Neuronal differentiation regulator CEND1 coordinately suppresses tumor growth and energetics via AMPK signaling in brain glioma.

The aggressive proliferation and metabolic adaptability of glioma contribute to poor clinical prognosis, necessitating novel targets concurrently reprogram glioma cells toward a neuron-like, less proliferative, and metabolically suppressed state. Here, we identified neuronal differentiation factor CEND1 as a candidate and explored its impact on glioma growth and metabolism. We demonstrated that CEND1 was significantly reduced in high-grade gliomas and inversely correlated with patient survival.

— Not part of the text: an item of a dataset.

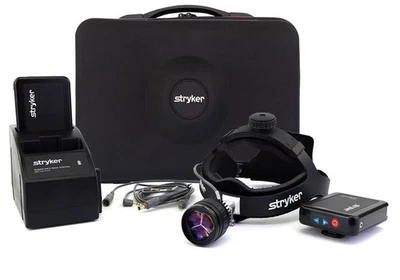Stryker Quantum Cool LED Surgical Headlight Set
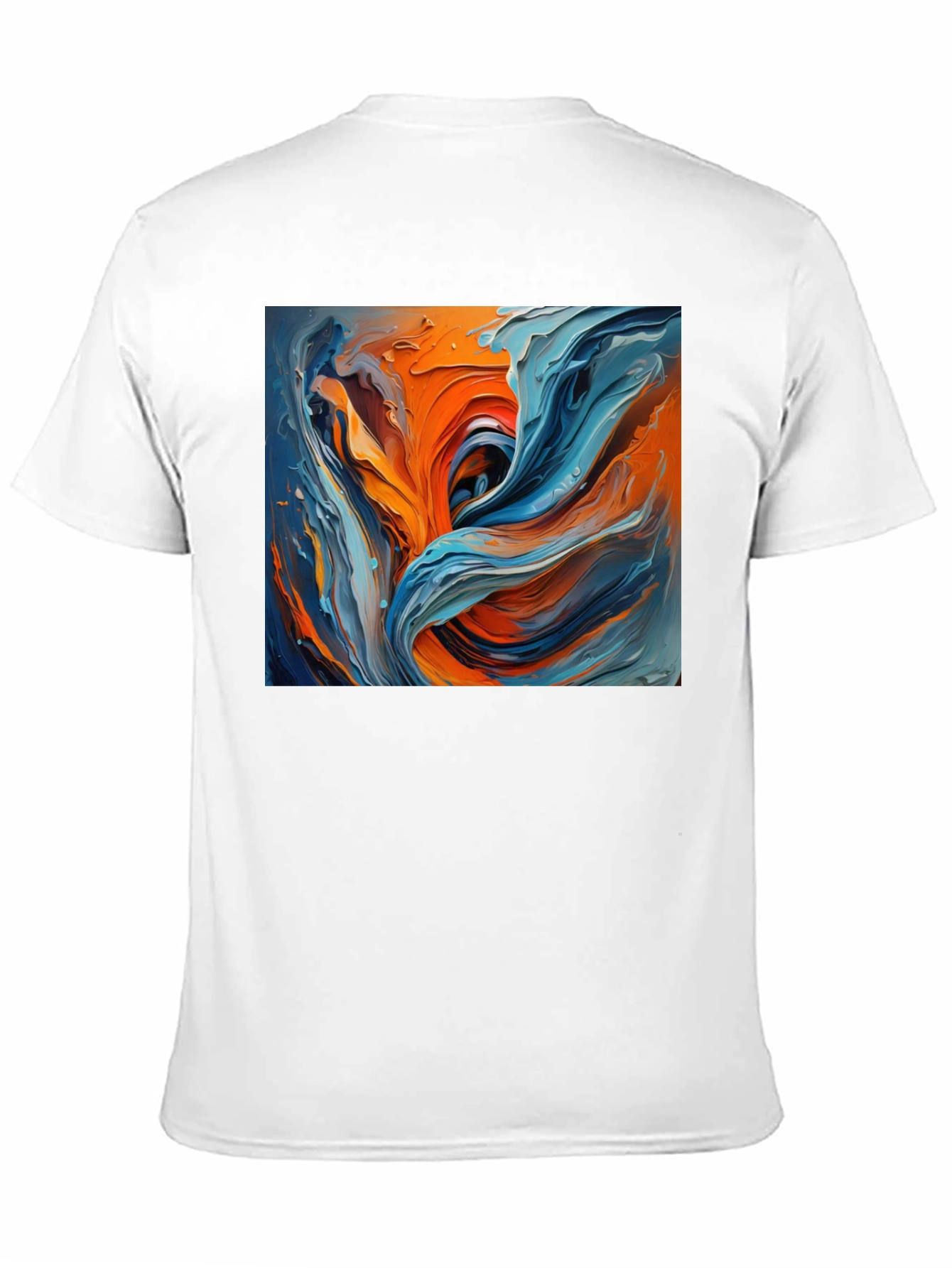 Abstract Art Tee - Vivid Graphic Print Shirt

Elevated CEND1 in glioma cells induced a neuron-like morphology, accompanied with attenuated proliferation and migration. CEND1 overexpression suppressed tumor growth and prolonged the survival of animal models of intracranial orthotopic tumor formation. Metabolomics and biochemical assays revealed that CEND1 inhibited PDH activity and mitochondrial oxidative phosphorylation, ultimately reducing ATP levels. Mechanistically, CEND1 activated AMPK to induce cell proliferation arrest and enhance metformin sensitivity. Altogether, our findings reveal that CEND1 coordinates neuronal differentiation with mitochondrial energetic metabolic suppression to exert anti-proliferative function in glioma, supporting its role as a potential target for glioma therapy.